One dark, spooky night, in the backwoods of Tennessee, the organic melodies of bluegrass kings The Aavett Brothers and the wicked energy of powerhouse punks Flogging Molly had a wild fling. The result of their unlikely union spawned the Brooklyn, New York 5-piece known simply as O’Death. Without the means or desire to leave the nest, O’Death thrived off its surroundings, and ultimately emerged as the jester of bluegrass with a psychedelic gospel flare.
As a special treat to the folks of Nashville, O’Death resurrected their unique sound Monday night at The Exit/In, along with queens of the rural experience, Those Darlins. Those Darlins opened the floor for a good ole’ deliverance-style hoedown wailing, “I got drunk and I ate a chicken/I ate a chicken I found in my kitchen/not just the leg and not just the wing/I’d like to let you know that I ate/the whole damn thing!”

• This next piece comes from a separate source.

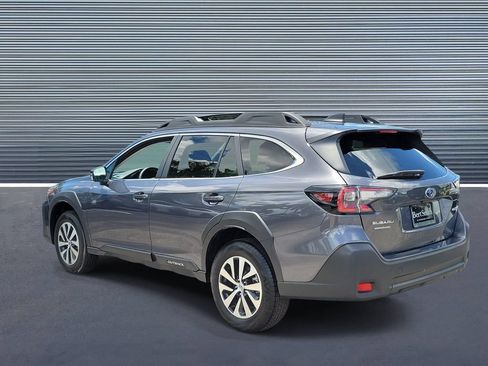 Used 2025 Subaru Outback Premium AWD/4WD image 4
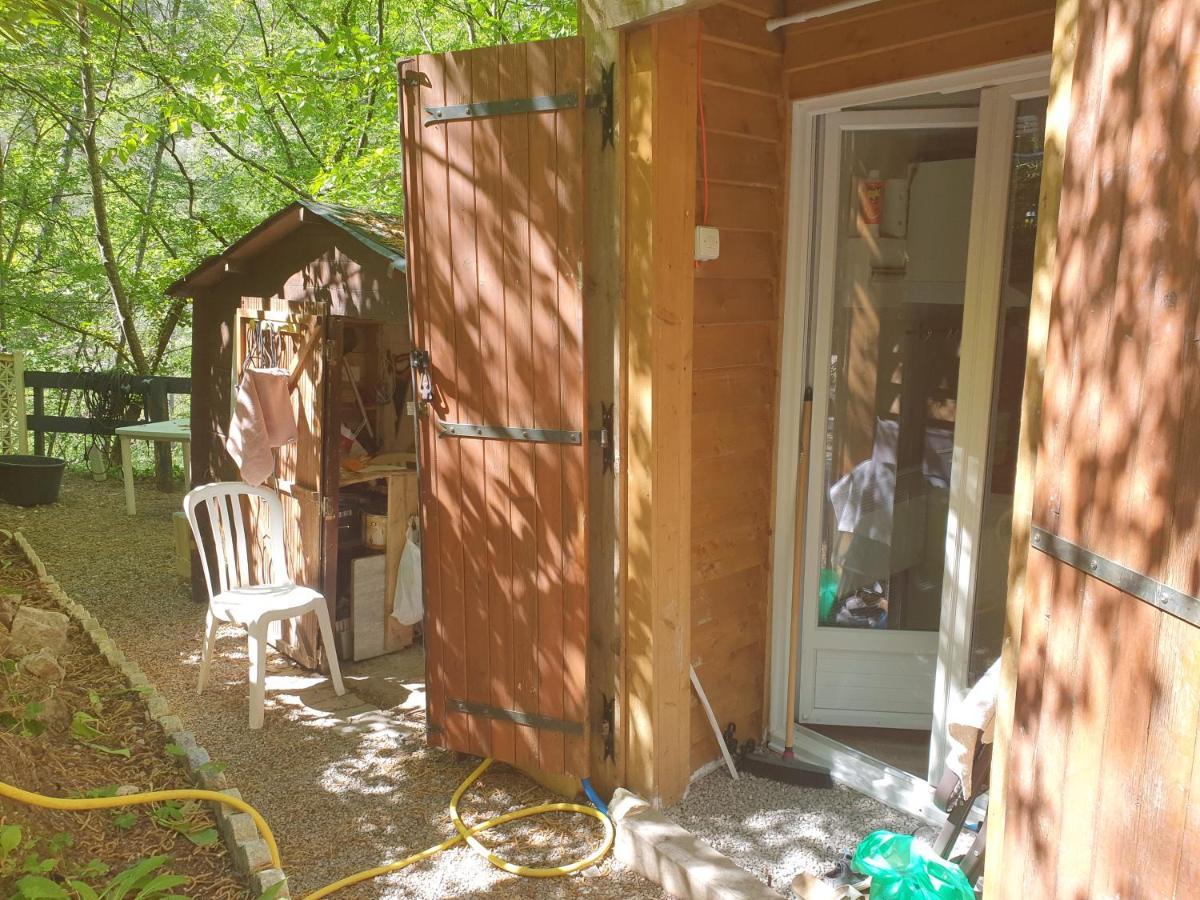Chalet Type Studio De Charme Avec Jacuzzi Pension Touet-de-l'Escarene Buitenkant foto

When their June Carter Cash-inspired set came to a close the real show began. Five scruffy looking country boys took their places on stage. Complete with an electric fiddle, banjo, and scrap-metal-modified drum kit, O’Death proceeded to shake the rafters off the small venue. The intensity with which O’Death performed was unlike any I’ve seen in a long while. Drummer David Rb attacked each down beat with the savagery of a rabid pit bull, often climbing onto his stool and raising his sticks into the air with a devilish grin on his face. He was also the fist to go shirtless, followed by bassist “Othar The Tool Collector.”
The most entertaining of the group to watch was the slender, bearded gentleman stage right playing the electric fiddle. In fact, without the melancholy timbre of the fiddle, the entire outfit risked sounding like a random jam session. However, the technical skill and explosive emotion with which Bob Pycoir joined bow and string acted as the driving force of the show.
In the middle of the set O’Death invited everyone in the house to hike their heels on stage and experience the excitement of the show “from the other side of the stage.” The entire venue climbed into the limelight and joined the group as they sang, “Baby/lay me/down and rest.” The whole scene was a testament to the power of music and emotion to bring people together. Like a backward family reunion the stage came alive with performers and audience members moving to the infectious rhythm of O’Death’s irresistible country charm.
After an eleven-song-set O’Death called it quits with the same reunion-style celebration. The song escalated into a scream fest, complete with coonskin caps and fiery fiddle runs. By the end of the night O’Death had successfully converted the entire room to goth-country fanatics with their unprecedented energy and obvious technical skill. It might take a minute, but when the clouds of dust finally settle over Nashville, Tenn., it’s safe to say music city will never be the same.